Real-world data (RWD) and real-world evidence (RWE) both are increasingly important tools in healthcare and research, but there are important differences. The US Food and Drug Administration (FDA) defines RWD as “the data relating to patient health status,” and RWE as "the clinical evidence regarding the usage and potential benefits or risks of a medical product derived from analysis of RWD.”
Jeff Elton, CEO of health data technology specialists ConcertAI, points out that while both real-world data (RWD) and real-world evidence (RWE) are useful in clinical research, the latter goes further.
“Real-world data is just that—it’s the data elements,” Elton explained. “Real-world evidence isn’t just a data element—it goes beyond that. I’ve been able to pull data together and link it to an outcome, or interest that can be part of a regulatory or reimbursement decision. It’s a lot more meaningful.”
Elton said that while use and understanding of RWE had been marching forward before the arrival of the COVID-19 virus on the global landscape, the pandemic certainly had a significant impact on healthcare and research.

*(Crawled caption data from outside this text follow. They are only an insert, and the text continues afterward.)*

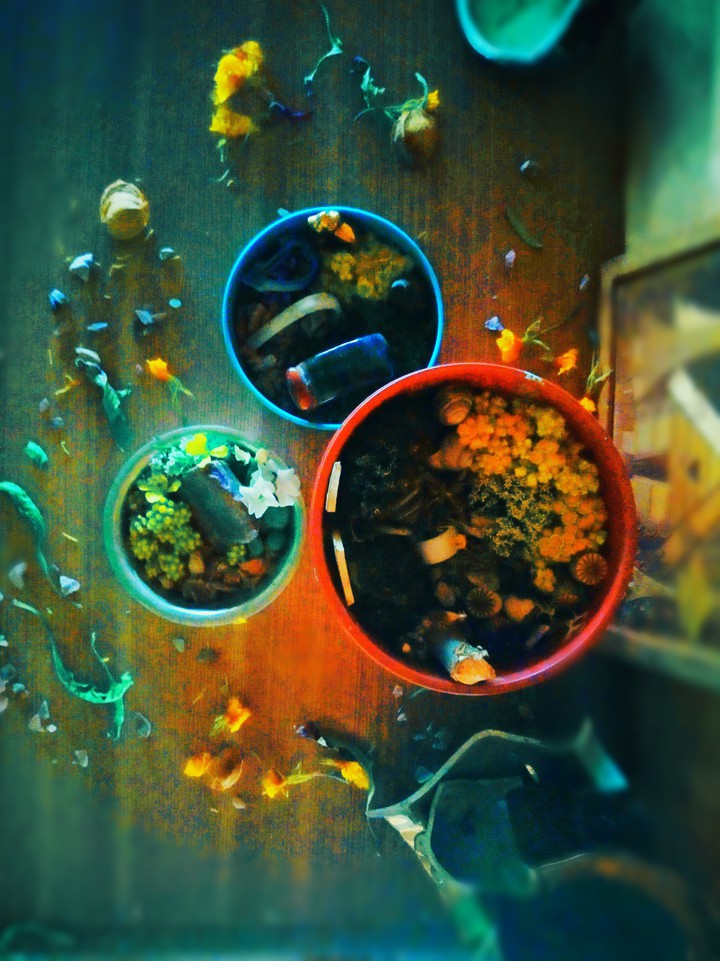 ANOTHER style rainbow little gardens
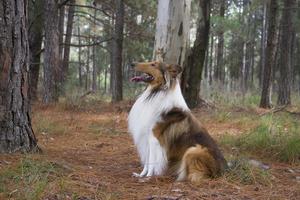 gyllene collie hund i de fält foto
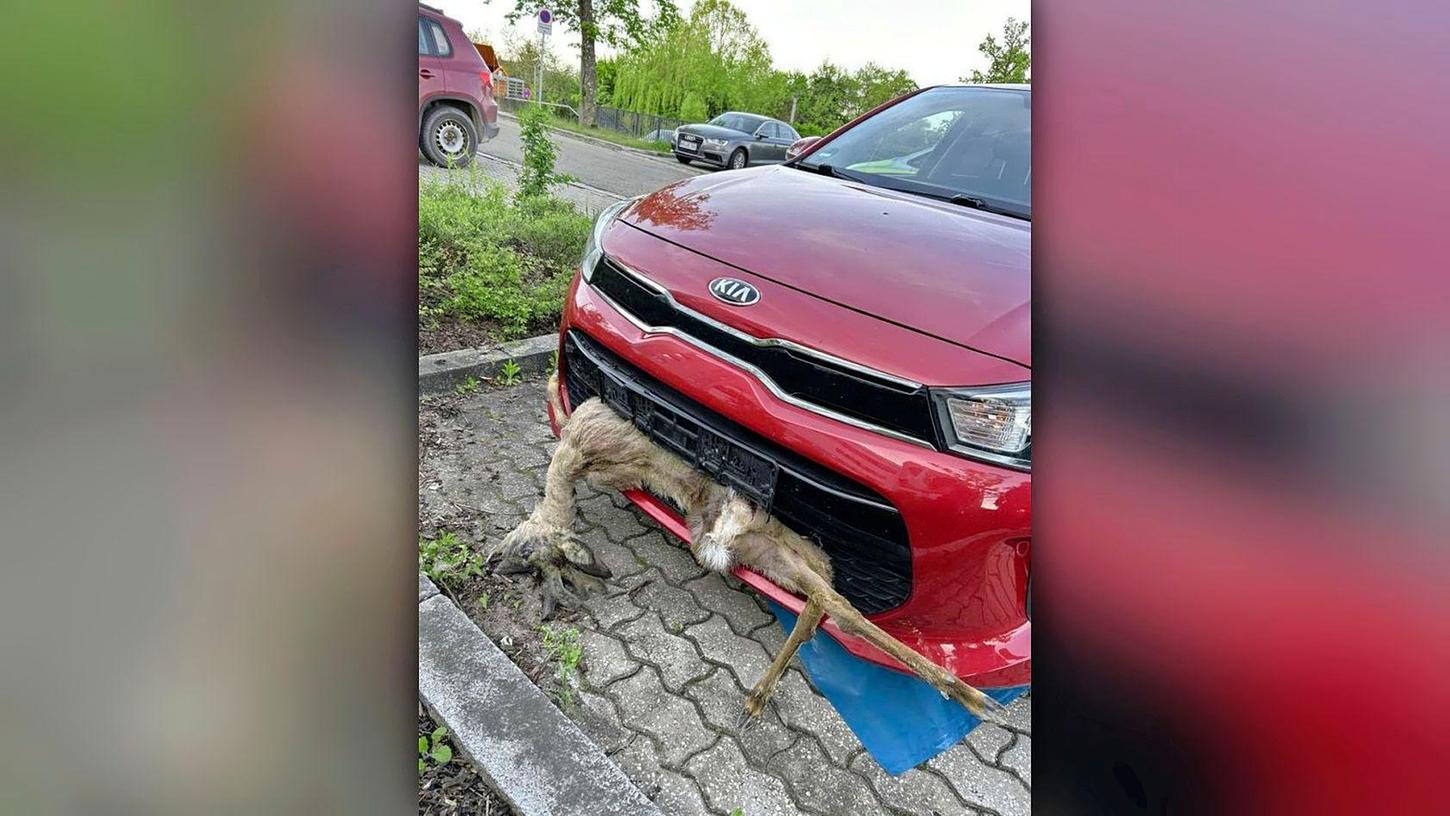 Gut "versteckt" hatte sich das Reh nach dem Zusammenprall mit einem Pkw: Der Fahrer fand das tote Tier nach dem Unfall im Kühlergrill seines Fahrzeugs.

“Clinical studies and the actual number of patients over the course of 2020 went down—clinics closed, patients postponed treatment,” he said. “People with slow-progressing cancer may have postponed treatment; there were fewer visits, reduced contact with clinics to reduce exposure. There were many negative consequences—about six to eight months of depressed involvement, with fewer patients, fewer trials starting up, and researchers not progressing new medicines.”

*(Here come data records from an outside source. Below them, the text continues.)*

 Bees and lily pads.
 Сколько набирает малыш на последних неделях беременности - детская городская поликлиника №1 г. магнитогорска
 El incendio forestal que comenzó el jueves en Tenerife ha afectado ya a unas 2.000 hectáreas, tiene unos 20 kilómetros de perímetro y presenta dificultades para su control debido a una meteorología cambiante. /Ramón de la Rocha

One of the ways that trial teams have sought to help research bounce back, Elton explained, is increased use of RWE in research.

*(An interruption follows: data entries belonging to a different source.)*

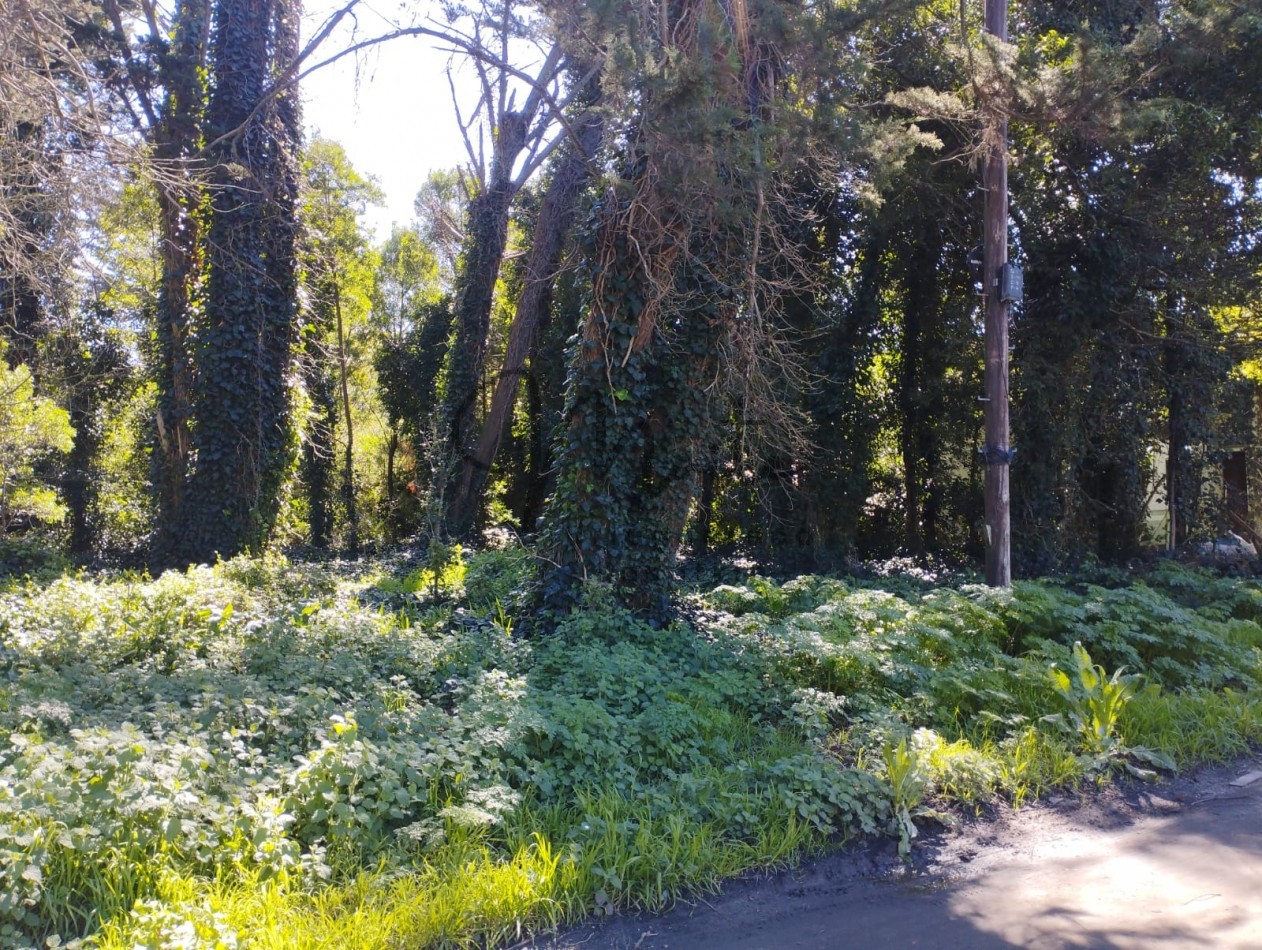 VENTA DOS LOTES CONTIGUOS BOSQUE PERALTA RAMOS 950M2 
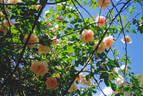 Belle Portugaise rose photo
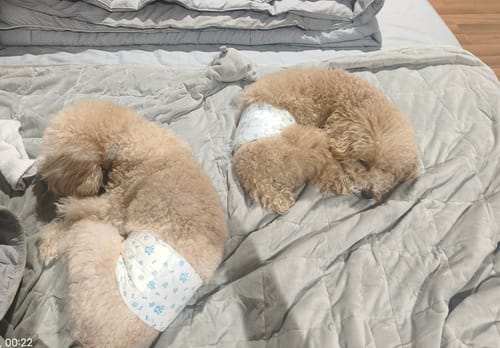 Customer photo review of Tidur Weighted Blankets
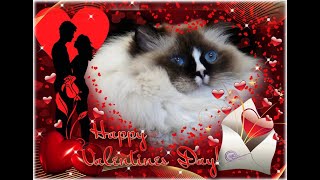 Be My Valentine- Our Valentine To You! by It's A Ragdolls World! 266 views 1 year ago 43 seconds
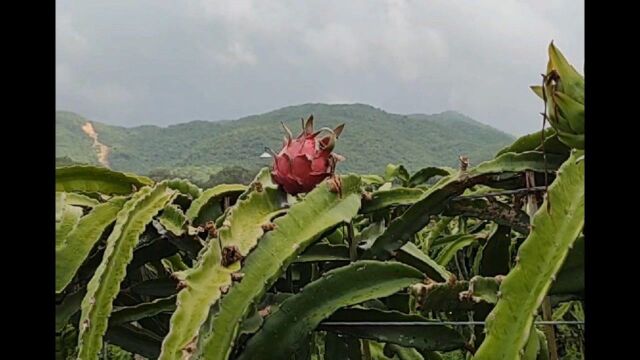 想知道火龙果从哪里长出来的吗?带你去火龙果基地看看!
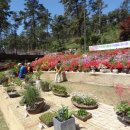 우리꽃식물원 이미지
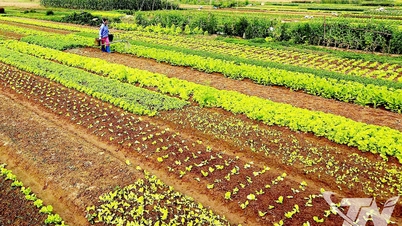 Creșterea producției de legume pentru a asigura aprovizionarea în timpul sărbătorii Tet.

“Researchers have been using RWE to help inform study design, and to develop solutions to conduct studies in a different way,” Elton said. “As horrific as the pandemic has been in many ways, it also has helped to force more innovations out of the system.”
As researchers work toward more advanced, thoughtful trial operation in the midst and aftermath of the pandemic, Elton advised, intelligent application of RWE can be helpful as trial teams ask themselves important questions (including how clinical settings and visits work, how treatments might be impacted, which patients are the most vulnerable, proper standard of care, and more) to rethink how a study is designed.
“There’s an increasing number of things in our armory with which to conduct clinical research,” Elton said.
Patient population, and factors that impact segments or entire groups of potential recruits, also can help inform study design. Elton said while many companies speak of taking a “patient-centric” approach to their services, that can have a different outcome than a “patient-first” tack.
“I define ‘patient-centric’ as meaning that technologies, workflows, etc. are optimized around the patient’s interests, burden, etc.,” he explained. “‘Patient first’ is a way of prioritizing trade-offs—it is less of a ‘design consideration’ but rather the specific health outcomes, and perhaps holistic life requirements, of the patient that guides all decisions and all trade-offs."
And while patients must be a prioritized part of the equation, life-sciences professionals cannot fail to also focus on the disease.
“Clinical studies that are pre-approval are about establishing safety and efficacy, so it is about the disease response to a new therapeutic and about the physiological response of the patient to the therapeutic outside of the disease,” Elton said.
Also, Elton advised, patient considerations should permeate the entire trial planning and execution process.
“This is about study design; where the study is run; what study participation requires from the patient as differentiated from or comparable to the standard of care; and the prospective benefit from participation—stated in more simple terms, it is about administrative, technical, and clinical aspects,” he said.
Additionally, Elton said, trial professionals, need to take the patient burden into consideration, and work to design for their convenience.
“I need to design and run for low burden – it requires no more testing, or invasive procedures than standard of care. The data should be captured just through the process of receiving the care – zero or low-load capturing of data; all of this enhances the likelihood of moving a patient appropriately to a clinical study as an option, with higher assurance of completion,” he said.